Morrison is a past president of the Austin Neighborhoods Council, a group that promotes the protection of single-family neighborhoods. She focused her campaign in part on CodeNEXT's demise, calling it a result of "Adler's failed leadership."
You'd think she'd have more support given "the people who show up at City Hall on Thursday,” said Kevin McLaughlin, a board member of the nonprofit AURA. "You would think that neighborhood preservationists were a majority of Austinites.”
AURA advocates for denser housing, a walkable city and better public transit.
Many supporters of Prop J also backed Morrison’s campaign.

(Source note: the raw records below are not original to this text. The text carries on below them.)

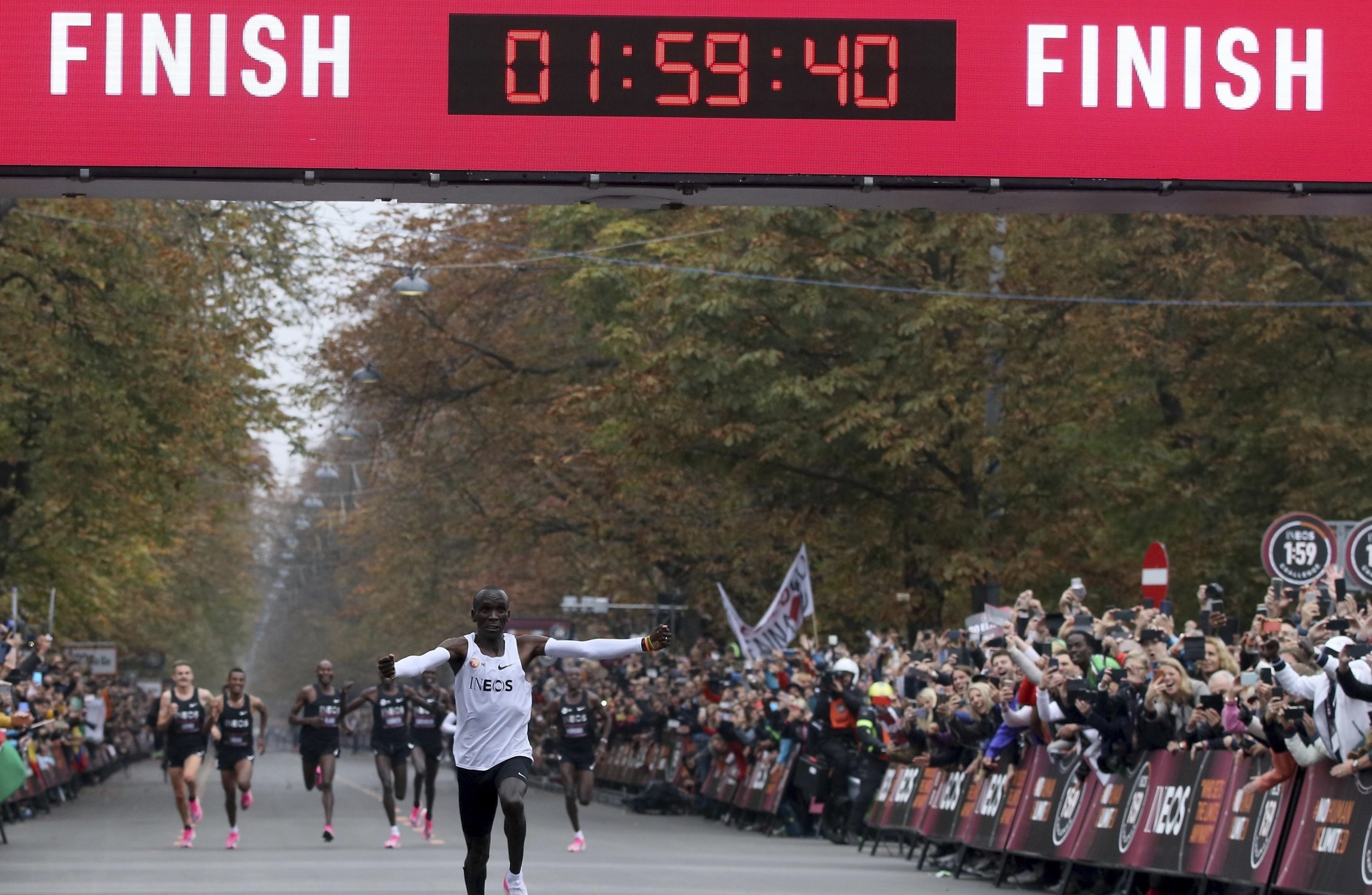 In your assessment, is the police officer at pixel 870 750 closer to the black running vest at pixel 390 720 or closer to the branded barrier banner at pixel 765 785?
the branded barrier banner at pixel 765 785

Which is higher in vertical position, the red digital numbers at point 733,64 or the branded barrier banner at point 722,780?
the red digital numbers at point 733,64

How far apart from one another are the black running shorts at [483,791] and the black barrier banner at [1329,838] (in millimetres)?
4584

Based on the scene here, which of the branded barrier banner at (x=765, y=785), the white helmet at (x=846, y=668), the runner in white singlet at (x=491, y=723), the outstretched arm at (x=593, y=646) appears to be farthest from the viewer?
the branded barrier banner at (x=765, y=785)

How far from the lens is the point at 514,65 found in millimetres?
12648

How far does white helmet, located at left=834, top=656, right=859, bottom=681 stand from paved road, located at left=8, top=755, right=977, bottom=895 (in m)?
1.91

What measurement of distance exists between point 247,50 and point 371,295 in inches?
1313

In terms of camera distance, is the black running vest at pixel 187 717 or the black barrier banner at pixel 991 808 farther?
the black running vest at pixel 187 717

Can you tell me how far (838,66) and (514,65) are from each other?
1735 millimetres

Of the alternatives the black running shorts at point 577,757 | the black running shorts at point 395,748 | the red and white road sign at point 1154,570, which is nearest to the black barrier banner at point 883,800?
the black running shorts at point 577,757

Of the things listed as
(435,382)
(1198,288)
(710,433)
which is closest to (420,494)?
(435,382)

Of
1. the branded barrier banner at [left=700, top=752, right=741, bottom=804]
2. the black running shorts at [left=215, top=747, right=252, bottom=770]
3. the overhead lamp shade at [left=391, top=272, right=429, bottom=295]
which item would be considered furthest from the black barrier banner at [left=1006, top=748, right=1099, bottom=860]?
the overhead lamp shade at [left=391, top=272, right=429, bottom=295]

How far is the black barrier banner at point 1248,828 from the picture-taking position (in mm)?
14352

And they share a concern about changes to single-family neighborhoods as the city grows and struggles to accommodate its population.
But since both Prop J and Morrison lost Tuesday, McLaughlin said, it shows that most voters aren't nervous about changes to the city's landscape.
"Austinites want a growing, vibrant Austin," he said. "They don’t want to just keep Austin the way it was.”
On election night, Adler called the results a “mandate” to continue with a land-code rewrite, despite hitting pause on the process by scrapping CodeNEXT in August.
Others argued the outcome Tuesday showed voters were baffled and some campaigns outspent others.
“The Council messed with the language [on Prop J]; they brought down CodeNEXT to confuse people and then they ran a smear campaign against us and confused people,” said Fred Lewis, who ran Let Us Vote Austin, one of the political action committees that got the proposition on the ballot. “The easiest way to defeat a ballot measure is to lie about it.”
“[Adler] had the big money behind him and it’s very hard to fight big money,” said Patricia King, the incoming president of the Austin Neighborhoods Council, which endorsed Morrison and Prop J.
"The easiest way to defeat a ballot measure is to lie about it."
King said Morrison’s loss and the defeat of Prop J will not change the organization’s messaging.
“We’re planning to get together as a neighborhood and really protect our neighborhoods. That fight is going to have to increase,” she said. “We’re doubling down, we’re doubling down.”
But while some people read Tuesday night’s results as either a mandate or a threat, Angela De Hoyos Hart looked at the tight margin between those who supported Prop J and those who defeated it. In that, she saw a divided city.
“While the results might have been a more narrow margin than I had hoped, the passion is not by a narrow margin,” said De Hoyos Hart, who serves on Austin’s Planning Commission. “We need to continue to bring folks to an understanding on what the consequences are, both positive and negative, of the choices we need to make over the coming months and years.”
Correction: A previous version of this post said Dave Sullivan serves on the City of Austin’s Planning Commission. He no longer serves on the commission.